Ken Babcock (01:34.006)

Yeah, that's amazing. And Loom, big news recently, you know, being acquired by Atlassian, which is super cool. I'm actually, I'm a huge user of Loom. And I'm pretty excited about that partnership too, because it just means it's going to be like more pervasive. They're going to keep the product alive. There's going to be better integrations. I don't, I don't know if you, uh, if you feel similarly.

Robin (01:41.046)

I know.

Robin (01:55.081)

I feel, yeah, very similarly. I mean, I think for the same things that where I would want it for actually implementing actions after, I think that'll be a common theme of our conversation, but I think it's exciting to see what they can do together. And I'm excited that the product stays alive.

Ken Babcock (02:10.506)

Yeah. And I'm super stoked about what you're doing with purpose-built. And I sort of mentioned that upfront.
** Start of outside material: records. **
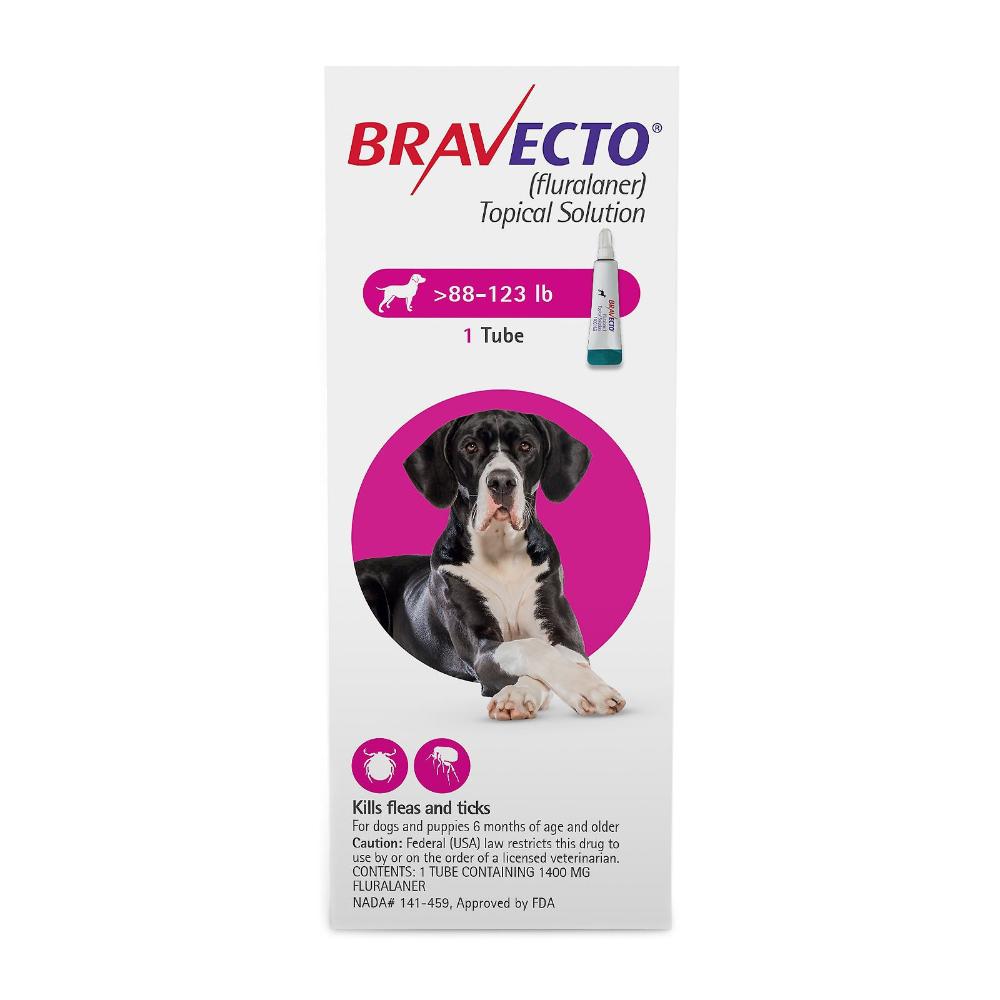 

Bravecto Topical For X-Large Dogs (Above 88 Lbs) Pink 2 Doses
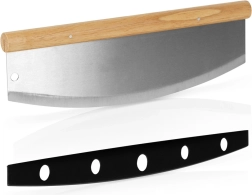Vilde steel rocking pizza cutter 35 × 12 cm with bamboo handle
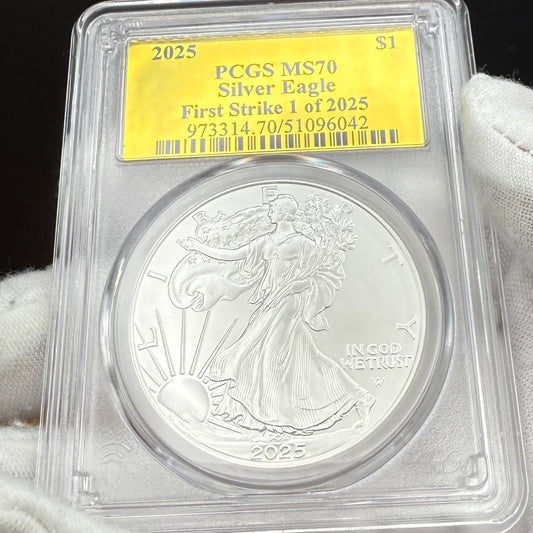 2025 $1 (W) American Silver Eagle PCGS MS70 First Strike Gold Foil Label Mint Condition (Rare 1 of 2,025)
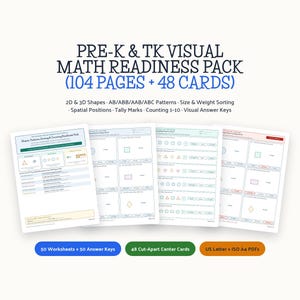 Puede incluir: Un paquete de preparación matemática visual para preescolar con 104 páginas y 48 tarjetas. El conjunto educativo incluye hojas de trabajo sobre formas 2D y 3D, patrones, clasificación, posiciones espaciales, conteo 1-10 y claves de respuestas.
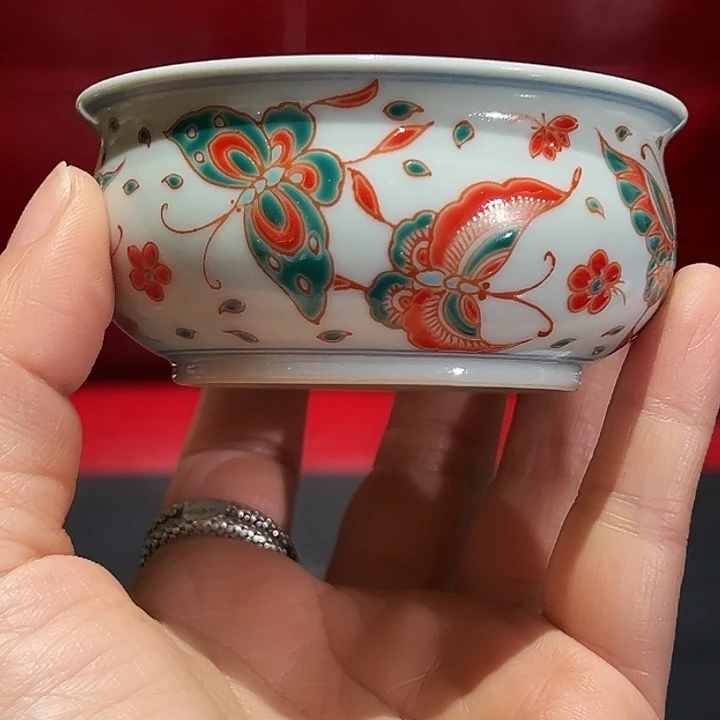 纯手工手绘红绿彩杯杯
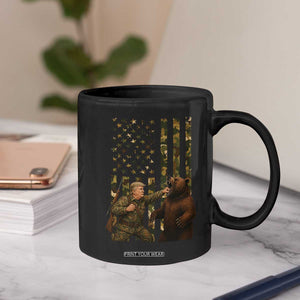 Funny Trump Vs Bear Showdown Coffee Mug American Flag Hunter Gift TS12 Print Your Wear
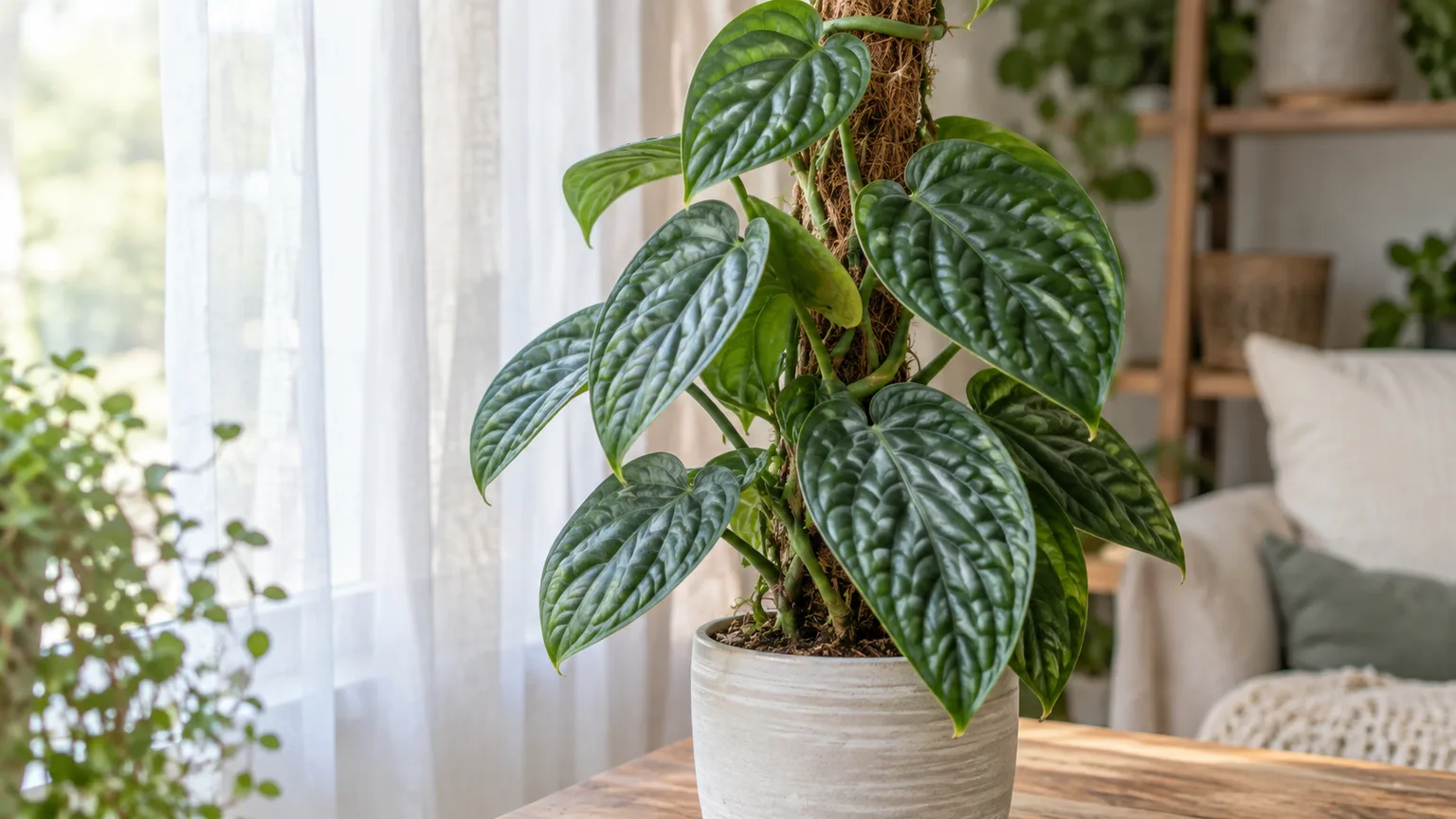 Healthy Monstera Peru with thick puckered leaves climbing a moss pole
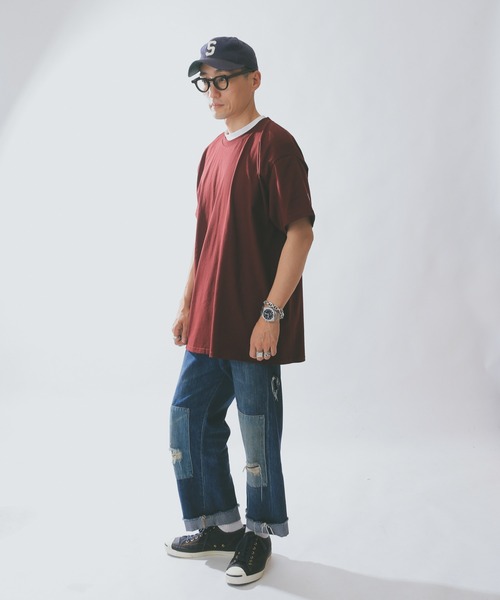 Champion（チャンピオン）の「Champion T525C 6oz S/S スタンダード Tシャツ（Tシャツ/カットソー・メンズ・オートミール/グリーン/オレンジ/ブラック/ホワイト/チャコールグレー/パープル/ネイビー/グレー/ブルー/レッド/マルーン・M/L/S/XL/XXL）」の21枚目の写真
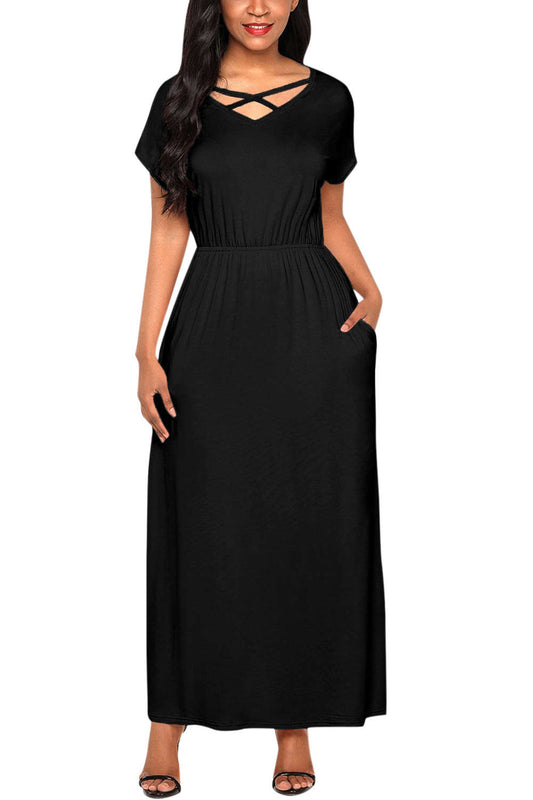 Iyasson V Neck Short Sleeve Maxi Dress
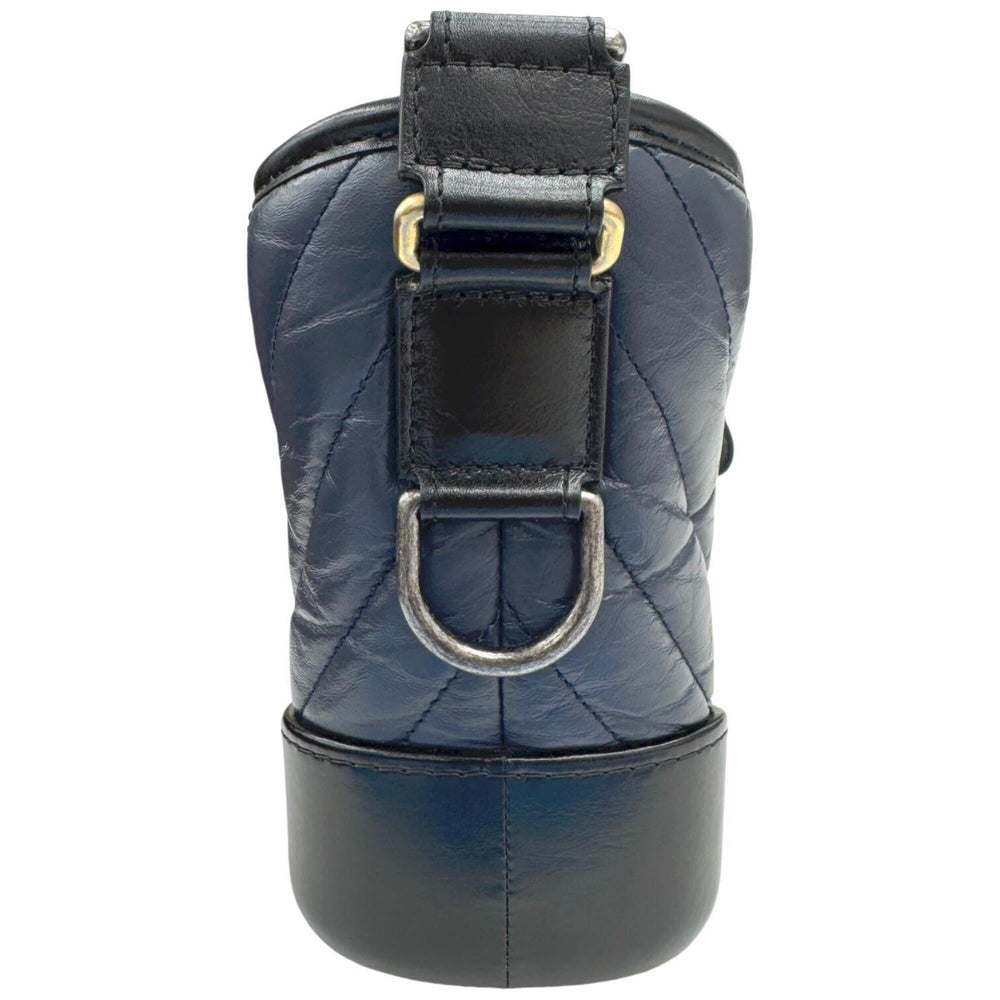 CHANEL Gabrielle de Small Hobo V-stitch Chevron Calfskin Shoulder Bag for Women (Navy/Black) — New - Store Return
Um, anything you want to plug there or sort of talk about that you feel like is unique about, about the model that you're pursuing.

Robin (02:23.789)

Yeah, I mean, I think two things, if someone is interested or has an interest in this very early stage startups, I'd love to chat with you. And I think it speaks to something that's really important to me, which is figuring out the right people for the right roles. And I love what Purpose Built is doing around that, of making sure that the founders are getting placed with other folks that are really excellent. And I love talking to people, so it's a great.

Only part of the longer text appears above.